Hemoglobin and Perihematomal Edema After Intracerebral Hemorrhage: A Post Hoc Analysis of the i-DEF Trial
Alexandros A. Polymeris, Vasileios-Arsenios Lioutas, Sarah Marchina, David J. Seiffge, David J. Roh, Fernanda Carvalho Poyraz, Magdy H. Selim

TL;DR
This study explores the link between blood hemoglobin levels and brain swelling after intracerebral hemorrhage, suggesting a potential connection that needs further research.
Contribution
The study identifies a potential association between baseline hemoglobin levels and perihematomal edema after intracerebral hemorrhage.
Findings
Hemoglobin levels were weakly inversely correlated with baseline and follow-up edema extension distance.

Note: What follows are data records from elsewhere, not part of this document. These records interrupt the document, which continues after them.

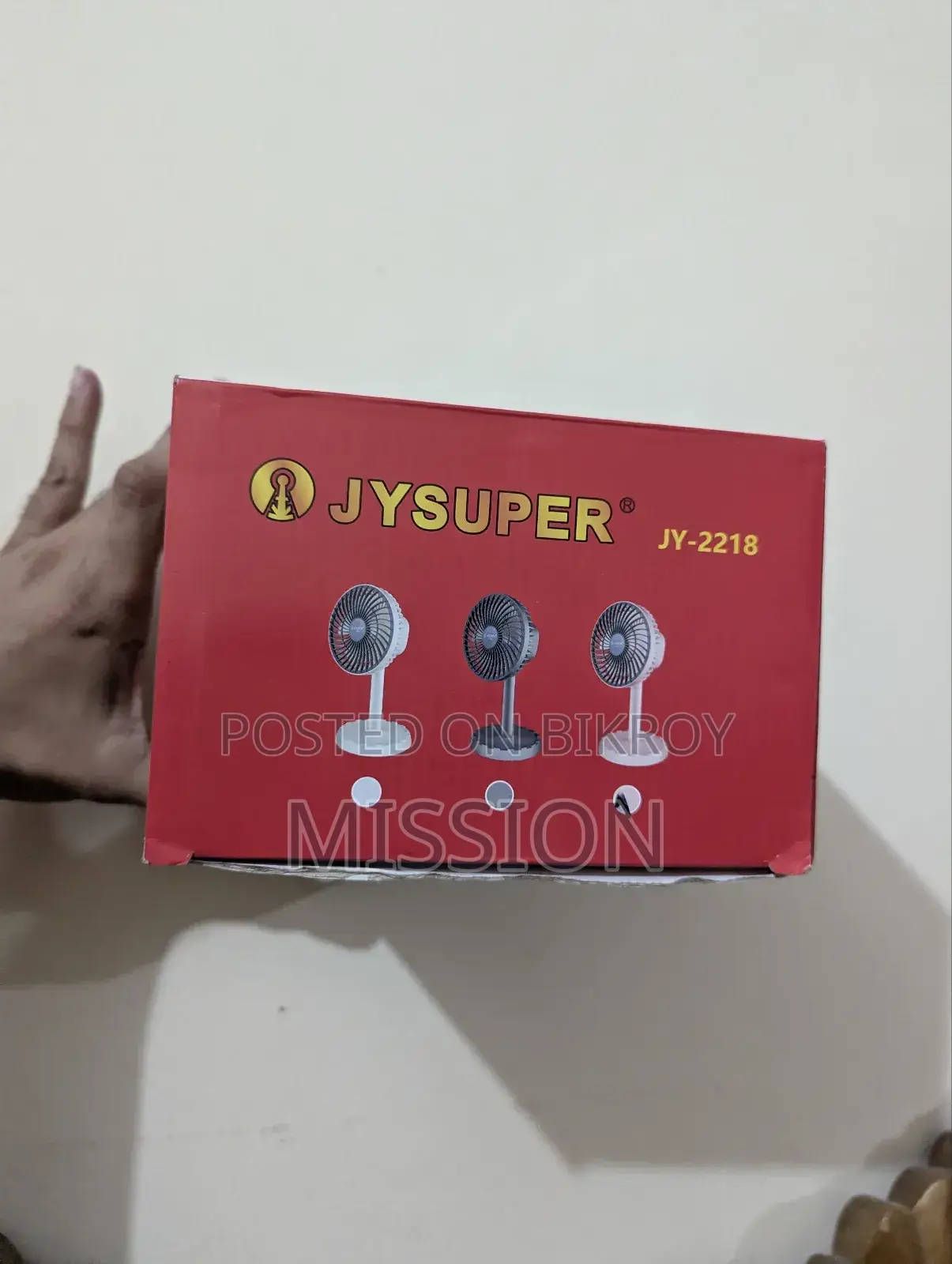 Best Moving Fan Jy Super-2218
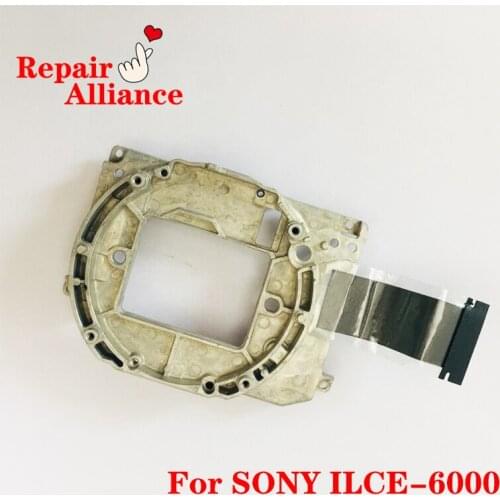 Bayonet Mount Ring Fixed Frame Repair Parts For Sony ILCE-6000 A6000 Digital Camera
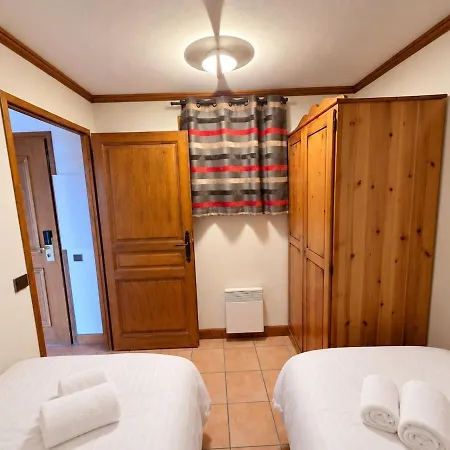 4 Pers Sunday To Sunday, Montana Soleil, 2 Bedroom, 42 M2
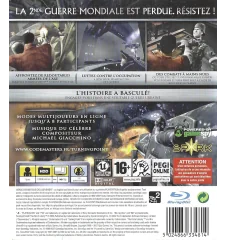 PS3 Turning Point Fall Of Liberty Cib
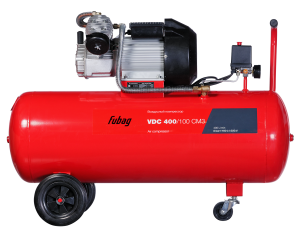 Поршневый компрессор масляный FUBAG VDC 400/100 CM3 в Петрозаводске фото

Anemia was present in 15% of participants, but no strong correlation was found between hemoglobin and interscan edema change.
Absolute and relative perihematomal edema showed no clear correlation with hemoglobin levels.
Abstract
Anemia is common after intracerebral hemorrhage (ICH). It has been attributed to inflammation and is associated with poor outcomes. We investigated whether this could be related to the effects of hemoglobin (Hb) on perihematomal edema (PHE). We performed an exploratory post hoc analysis of the Intracerebral Hemorrhage Deferoxamine (i-DEF) randomized controlled trial. We included participants with primary supratentorial ICH, available baseline Hb levels, and computed tomography scans at baseline and follow-up after 72–96 h. We investigated the association of Hb and anemia (as continuous and dichotomous exposures, respectively) with edema extension distance (EED) as the main continuous outcome at baseline and follow-up and as its interscan change using Spearman correlation and unadjusted and adjusted linear models. We examined absolute and relative PHE in ancillary analyses. We analyzed…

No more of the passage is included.